Mais ce n'est pas tout: la firme d'ingénierie montréalaise trouve aussi que le processus décisionnel est trop lent dans sa province d'origine.

«C'est la même chose avec l'hydroélectricité au Québec: (les autorités) prennent une éternité à délivrer les permis, tant il y a de la méfiance entre les parties, a dénoncé Pierre Duhaime. Nous devons arrêter cela, nous devons trouver une façon d'obtenir plus de certitude (réglementaire) et plus d'efforts de coordination dans l'optique de développer nos secteurs énergétiques.»

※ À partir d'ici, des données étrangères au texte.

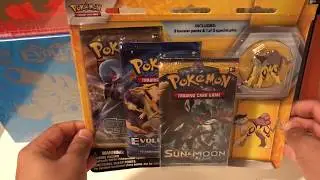 Raikou pin collection blister pack(Amazing pull)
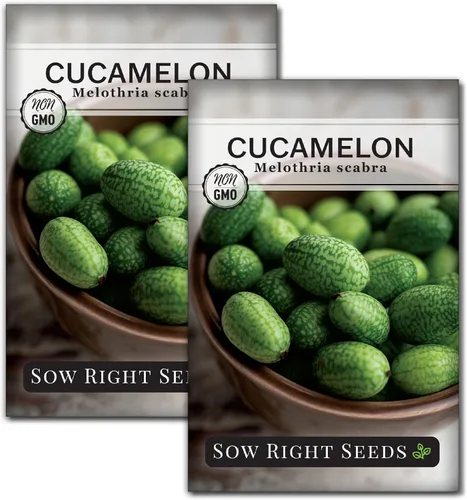Miniatura 7 de Sow Right Seeds - Semillas de Cucamelon para plantar - Paquete de reliquia sin OMG con instrucciones para plantar un jardín de verduras casero al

M. Duhaime s'est par ailleurs inscrit en faux contre les subventions gouvernementales dont bénéficient les consommateurs de certaines formes d'énergie, sans préciser si ce commentaire visait le bloc d'électricité qui n'est pas vendu au prix du marché, au Québec.

«L'énergie doit être tarifée correctement, a-t-il dit. Les subventions destinées aux consommateurs faussent le débat et encouragent les comportements contre-productifs.»

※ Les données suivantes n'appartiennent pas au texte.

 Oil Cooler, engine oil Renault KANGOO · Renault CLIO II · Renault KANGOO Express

Participant à la même discussion, Yvo De Boer, l'ancien grand responsable de la Convention-cadre des Nations unies sur les changements climatiques, a convenu que le monde ne pourrait pas se passer des énergies fossiles avant plusieurs décennies.

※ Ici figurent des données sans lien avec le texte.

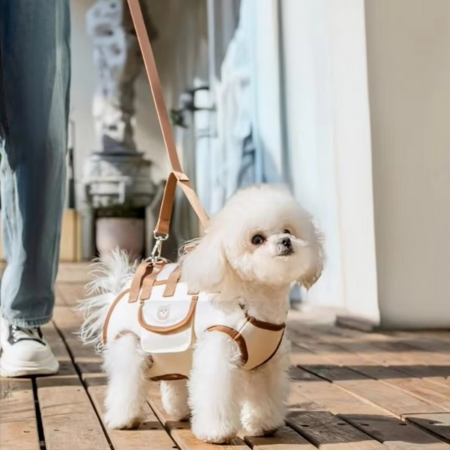 BowLift | Multi-Function Pet Harness and Carrier Backpack for Small Dogs and Cats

Il a fait remarquer que lui et le ministre canadien de l'Environnement, Jim Prentice, présent à ses côtés, portaient encore les «cicatrices» du sommet sur les changements climatiques de Copenhague, qui s'est terminé en décembre 2009 sans accord contraignant sur les cibles de réduction des émissions de gaz à effet de serre.

M. De Boer a tout de même attiré l'attention sur le fait que la plupart des pays du monde ont signifié leur intention d'abaisser leurs émissions au cours des prochaines années.

Pour sa part, la présidente du groupe nucléaire français Areva, Anne Lauvergeon, a révélé qu'elle n'était pas intéressée par le rachat d'Énergie atomique du Canada (AECL), que le gouvernement conservateur a mis en vente en décembre dernier.

Mme Lauvergeon a toutefois indiqué qu'Areva était ouvert à un «partenariat» avec AECL, sans en préciser la nature. Les deux entreprises n'exploitent pourtant pas la même technologie nucléaire.

SNC-Lavalin a pour sa part montré son intérêt pour AECL.

L'action de SNC-Lavalin a clôturé à 49,89 $ mercredi, en baisse de 0,2 pour cent, à la Bourse de Toronto.